Мне хочется остановиться немного дольше на трех авторах, трех вещах, никакого как будто отношения друг к другу не имеющих. Не потому беру я эти три любовных романа, что нельзя было бы взять другие, но, во-первых, потому, что на общее исследование любви в мировой литературе все равно не хватило бы ничьей жизни, а во-вторых — для моего беглого очерка достаточно характерны и эти три.
Три автора, разной национальности: русский, немец и француз. Три романа, разных времен: один 1925 года, другой 1774-го, а третий… право, не знаю, и не интересуюсь, кажется, современный. Заглавия романов: ‘Митина любовь’, ‘Страдания молодого Вертера’ и ‘Габи, любовь моя…’ Имена авторов: Бунин, Гете и Деренн.
Ну, скажут мне, русского Митю и немецкого Вертера еще кое-как можно сблизить, а французский-то Жак причем? Кто этот Деренн? Почему его надо сравнивать с Гете?
Но я никого не сравниваю! Я не сужу, не разбираю их в плоскости ‘искусства’, чисто художественных достоинств, литературного мастерства, эстетики как эстетики. Я не хочу и не могу ‘сравнивать’ мирового гения с совершенно неизвестным (мне, по крайней мере) французом, книжка которого, попавшаяся мне случайно, ни малейшим мастерством не блещет. Я смотрю не на мастерство, даже не на романы как на таковые, — а на любовь, в них изображенную, на волю художника в этой области.
По ранее принятому делению, в романе Бунина ‘любовь’ берется какой она бывает, в романе Деренна какой должна быть, роман Гете — смешанный.
Sainte-Beuve, в статье о Вертере, очень близко подходит к правде. Он, прежде всего, не берет Вертера исключительно как художественное произведение, он рассматривает его в связи с временем и биографией автора. Оценивает все сразу, правду и выдумку, дань, которую 23-летний Гете отдал толпе своего времени, и верную ‘волю к жизни’ молодого гения. Sainte-Beuve правильно указывает, что конец Вертера вульгарен и фальшив, портит произведение и до такой степени не вяжется с ярким, сознательно-волевым характером Гете-Вертера и его любви, что почти похож на мистификацию.
Поэтому мы, с нашей точки зрения, и должны назвать Вертера ‘смешанным’. Любовь к Шарлотте — не совсем, не вполне то, что ‘бывает’, в ней очень сквозит ‘должное’. Но у юного автора это должное лишь в ощущениях, поэтому самоубийство Вертера, конец, соответствующий другой любви и другому герою, мог соблазнить неокрепший гений Гете. К Гете же особенно приложимы слова Вейнингера о Личности как ‘становящемся’: ‘Человек медленно и постепенно, в течение всей жизни, приобретает ее…’. Лишь через многие десятилетия Гете дошел до той удивительной (первой или последней?) встречи Фауста и Маргариты, когда Маргарита ждет, чтобы Фауст узнал ее, и они вместе идут наверх…

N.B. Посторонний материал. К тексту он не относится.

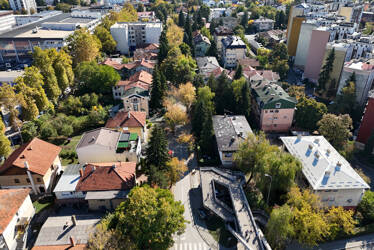 (FOTO) POBUNA U CENTRU BANJALUKE Zbog 6 novih zgrada na malom prostoru stanari traže odgovore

Но и в годы Вертера воля Гете не лежала к ‘данному’, он пламенно любил действительный мир, но не за то, что он ‘такой’, а за то, что из него, такого, ‘может выйти’ (по его выражению).
Именно в несоответствии, в несгармонированности конца Вертера с материей его любви и лежит фальшь романа. Ведь не упрекаем же мы в фальши несчастного Азру (несколько надоевшего), который с самого начала верен себе, и так и заявляет: ‘Я из рода бедных Азров: полюбив (любовью, смысла не имеющей и смысла не ищущей), мы умираем…’, что, как мы видели, чрезвычайно естественно.
Бунинский Митя — прежде всего сам полная противоположность Вертеру. Живой до иллюзии: именно такие ‘бывают’ русские (помещичьего оскуденья), мальчики, полудеревенские птенцы, полоротые, неуклюжие, хорошие. Установим сразу: Бунин — король изобразительности, король ‘данного’, я не знаю в современности равного ему мастера, такого — не рассказывающего нам о природе, вещах и людях, а прямо показывающего их. Это сила очень серьезного таланта. Соловьев не признает ‘художественными’ произведения, где изображается только ‘данное’, в том виде, в каком оно ‘есть’. Но… для большого творческого таланта это и невозможно. Конечно, талант изобразительный по преимуществу, художник, не склонный к обобщениям и не ищущий смысла явлений, не будет изображать предметы ‘в свете нового мира’ или с точки зрения их окончательного состояния. Он этой точки зрения не имеет, он будет стараться рисовать их просто, какими видит. Но именно большой талант не сможет остановиться на этом, ограничиться этим: какую-то волю свою он проявит, отразит в творческом образе. И я подчеркиваю: если он не желает или не умеет видеть улучшенной действительности, он рискует дать ее ухудшенной.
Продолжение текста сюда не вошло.